Exercise aim -
Take the lines below from the one with "Axyaa Vintage Rattan" through the one with "Mulher segurando o" and retype them exactly. Include nothing else, and no pictures.

Extracted data -
※ ※ ※

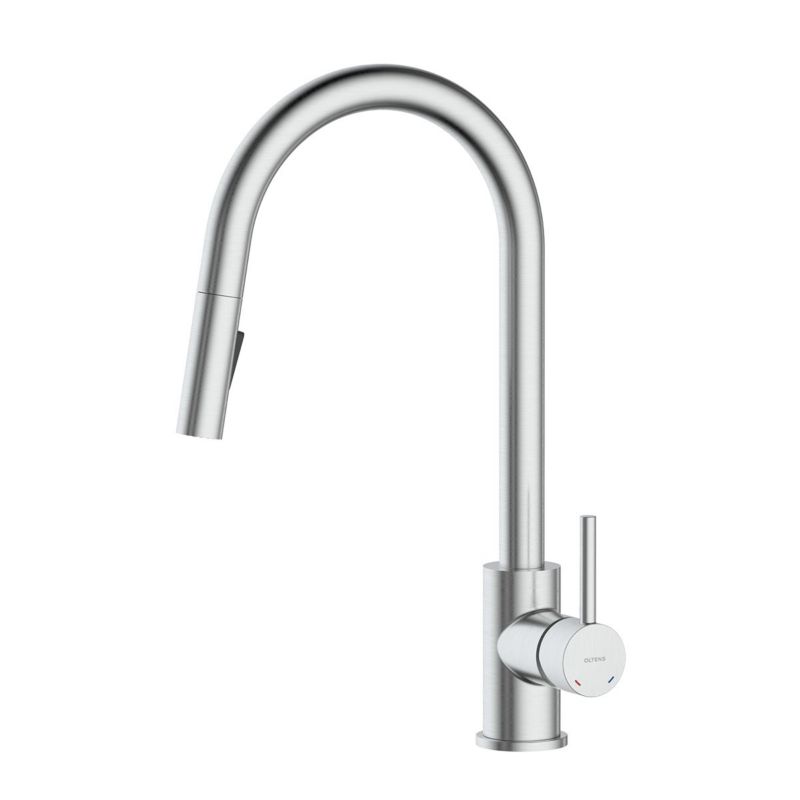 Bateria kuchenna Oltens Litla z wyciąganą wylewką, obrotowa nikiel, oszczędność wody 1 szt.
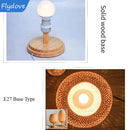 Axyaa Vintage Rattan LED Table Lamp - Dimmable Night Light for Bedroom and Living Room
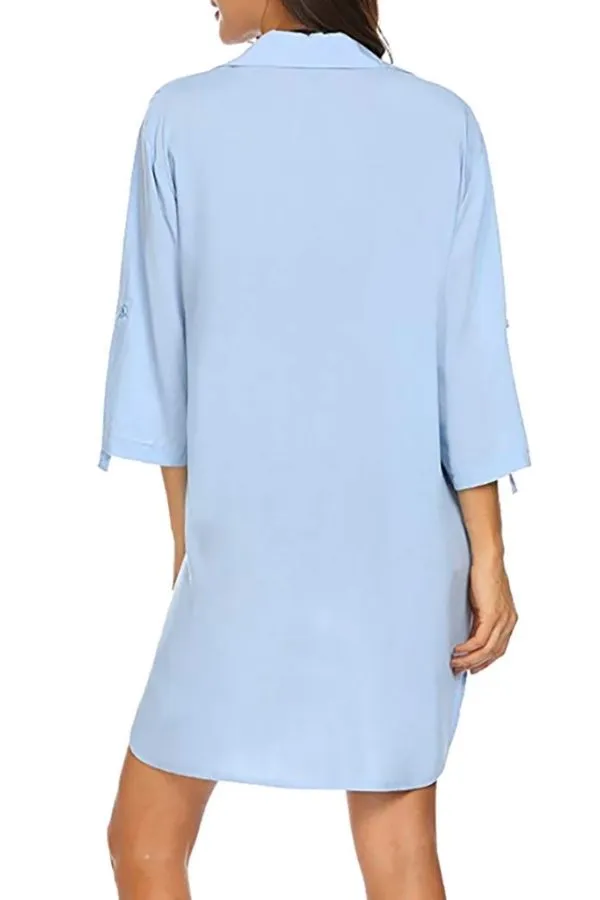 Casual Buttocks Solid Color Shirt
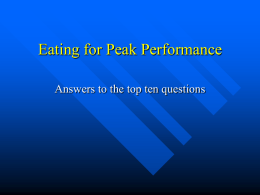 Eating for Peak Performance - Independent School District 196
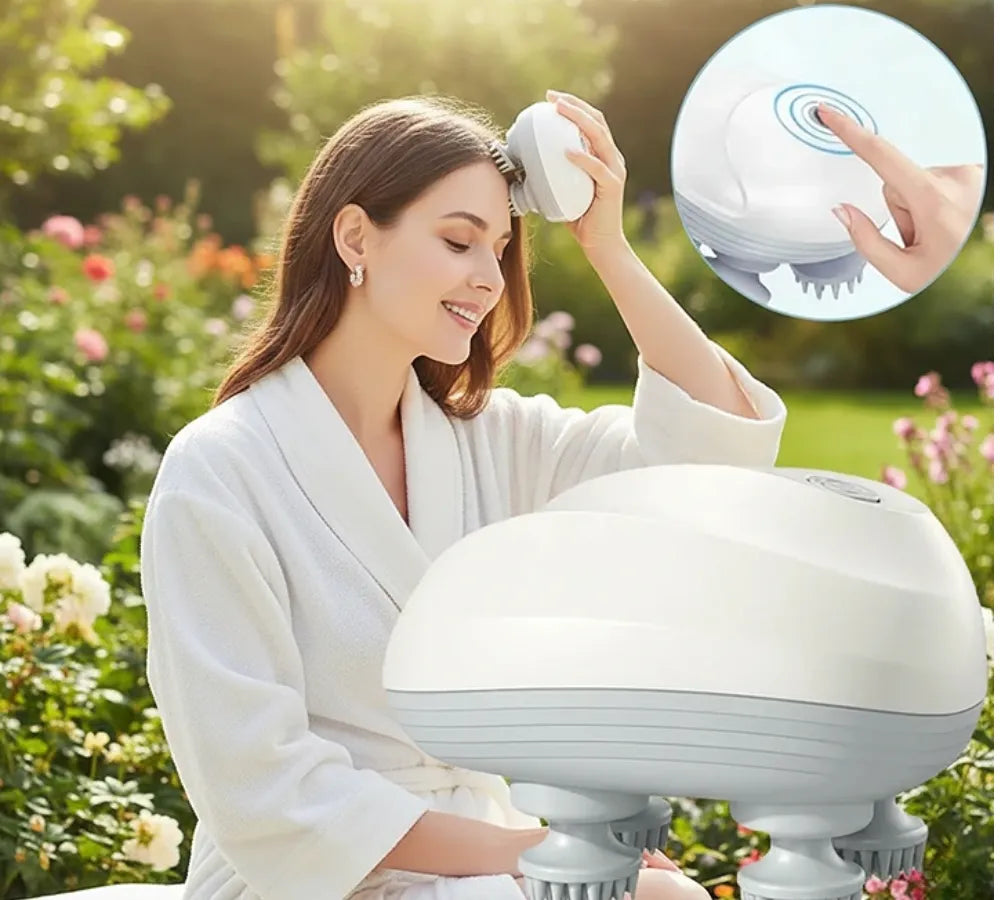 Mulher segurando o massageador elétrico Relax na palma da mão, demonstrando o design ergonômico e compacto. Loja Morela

※ ※ ※

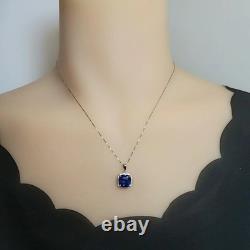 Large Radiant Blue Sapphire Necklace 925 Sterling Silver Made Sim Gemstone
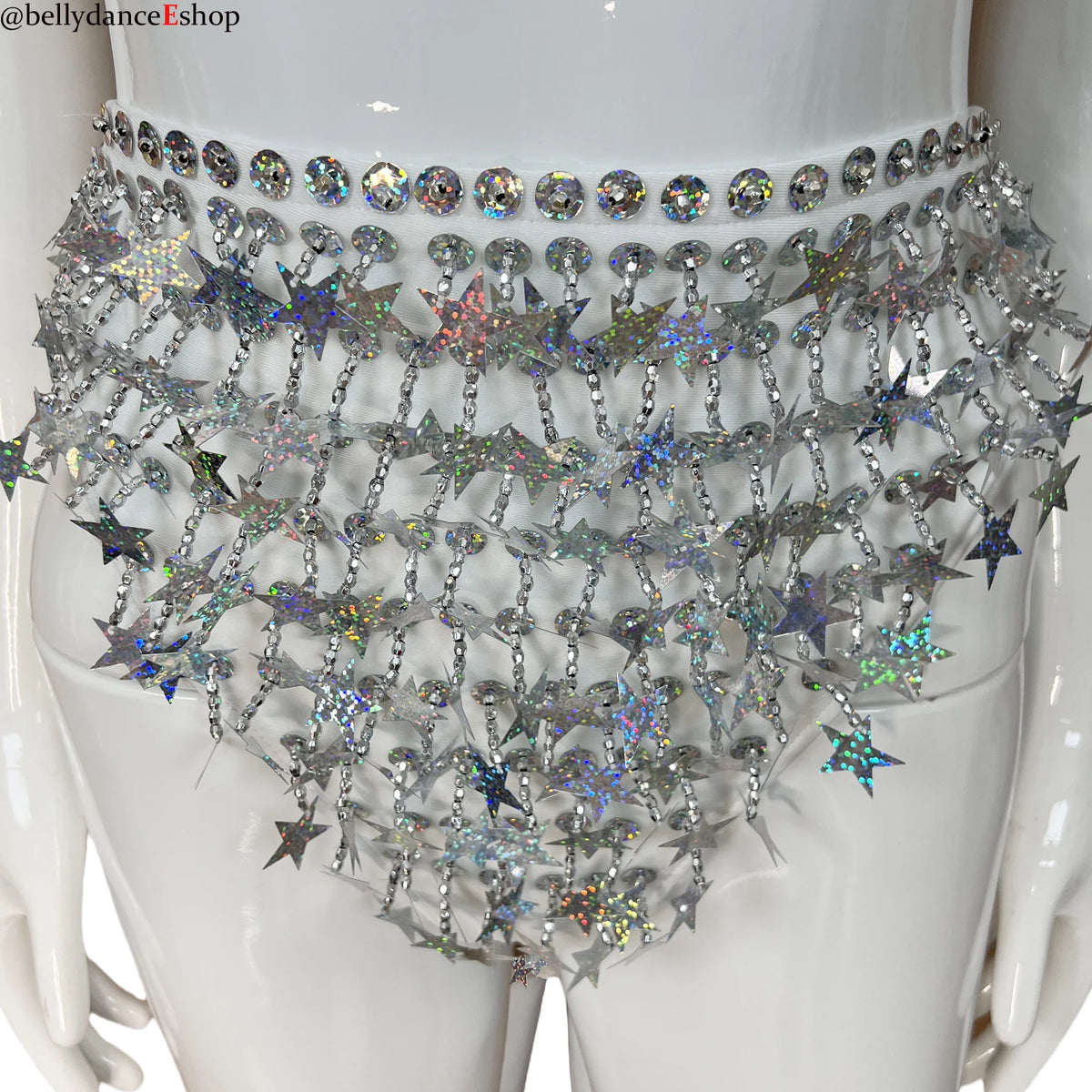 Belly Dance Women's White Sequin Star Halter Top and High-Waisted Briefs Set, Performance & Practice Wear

※ ※ ※

Solution -
 Axyaa Vintage Rattan LED Table Lamp - Dimmable Night Light for Bedroom and Living Room
 Casual Buttocks Solid Color Shirt
 Eating for Peak Performance - Independent School District 196
 Mulher segurando o massageador elétrico Relax na palma da mão, demonstrando o design ergonômico e compacto. Loja Morela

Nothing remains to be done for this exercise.